About

The Heart & Mind Behind the Mic

I’m Elizabeth Bucher, and I am right there with you.
I am a mother, a dancer, a truth-seeker, and a survivor. I am currently pursuing my MSW at National University with a singular goal: to open a private practice that empowers women to stop apologizing for who they are.
But before all that? I was just a woman trying to navigate a world that felt like it was written in a language I hadn’t been taught.

The Mirror in the Little Boy
My journey to Femme on the Spectrum didn’t start in a lecture hall. It started with my son, Max, born in 2017.
Like any fiercely protective mother, I dove headfirst into understanding his world when we began navigating his diagnosis. I wanted to be his advocate. I wanted to clear the path for him. But as I peeled back the layers of his experiences—his sensory processing, his unique logic, his beautiful, unfiltered way of being—I felt a shock of recognition.
I wasn’t just looking at my son. I was looking in a mirror.
The traits I saw in him were the same ones I had spent a lifetime burying under layers of performance, “coping mechanisms,” and social anxiety. The sensory overload I thought was just “stress.” The deep, philosophical fixation I thought was just “being intense.” The social exhaustion I thought was just “introversion.”
It turns out, the apple didn’t fall far from the tree—the tree was just really good at pretending to be a different species.

Meet Your Host

Unmasking the “Lost Generation”
That realization began my own journey of diagnosis (ADHD and Autism) and self-discovery. It wasn’t easy. Unmasking is messy. It requires grieving the years you spent fighting your own brain. But it also brings a profound sense of justice and clarity.
I realized I wasn’t broken. I was a neurodivergent woman living in a neurotypical world, surviving on grit and pattern recognition.
I look at my boys now—Max and his younger brother Gavin (born 2022)—and I refuse to let them inherit the shame or the confusion. And I refuse to let other women navigate this alone.

Host

Liz Bucher

Let’s Rewrite the Narrative

The Artist, The Mentor, The Advocate

My background is in Dance and Theatre (University at Buffalo), and for years, the stage was the one place where my intensity made sense. That artistic soul still drives me. I approach therapy and advocacy the same way I approach choreography: looking for the rhythm, the underlying structure, and the authentic expression of the self.
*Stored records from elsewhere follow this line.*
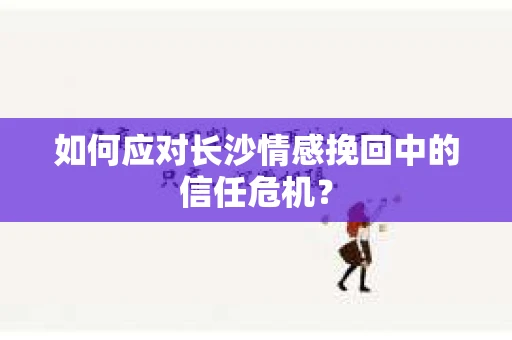 如何应对长沙情感挽回中的信任危机? 如何应对长沙情感挽回中的信任危机?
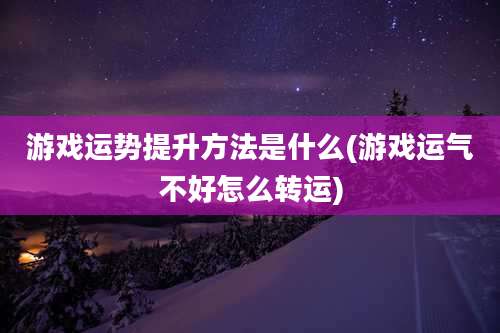 游戏运势提升方法是什么(游戏运气不好怎么转运)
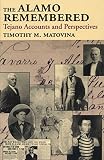 Matovina, Timothy M.: The Alamo Remembered: Tejano Accounts and Perspectives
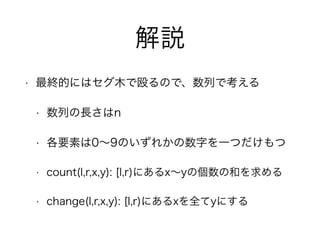 解説
• 最終的にはセグ木で殴るので、数列で考える
• 数列の長さはn
• 各要素は0∼9のいずれかの数字を一つだけもつ
• count(l,r,x,y): [l,r)にあるx∼yの個数の和を求める
• change(l,r,x,y): [l,r)にあるxを全てyにする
I blend that artistic spirit with the mind of a philosopher and the heart of a mentor. I don’t deal in surface-level platitudes. I want the truth. I want the nuanced, messy, beautiful reality of what it means to be a woman on the spectrum.

What You Can Expect Here

Radical Validation: I believe you. Period.
The “Why” Behind the “What”: We don’t just talk about behaviors; we dissect the neurology and the logic behind them.
Humor: Because if we can’t laugh at the absurdity of social norms or our own executive dysfunction, we’ll cry. (And I prefer laughing).
Zero Judgment: Whether you’re self-diagnosed, formally diagnosed, or just questioning—you belong here.

more about

Liz

The “Real” Life

When I’m not studying for my MSW or recording the podcast, I’m navigating the beautiful chaos of raising two boys. You’ll usually find me with my cream English Golden, Rosie, by my side (and forever carrying the memory of Tucker, my beloved yellow lab).

I love music that makes you feel something, travel that expands your mind, and conversations that go deep fast.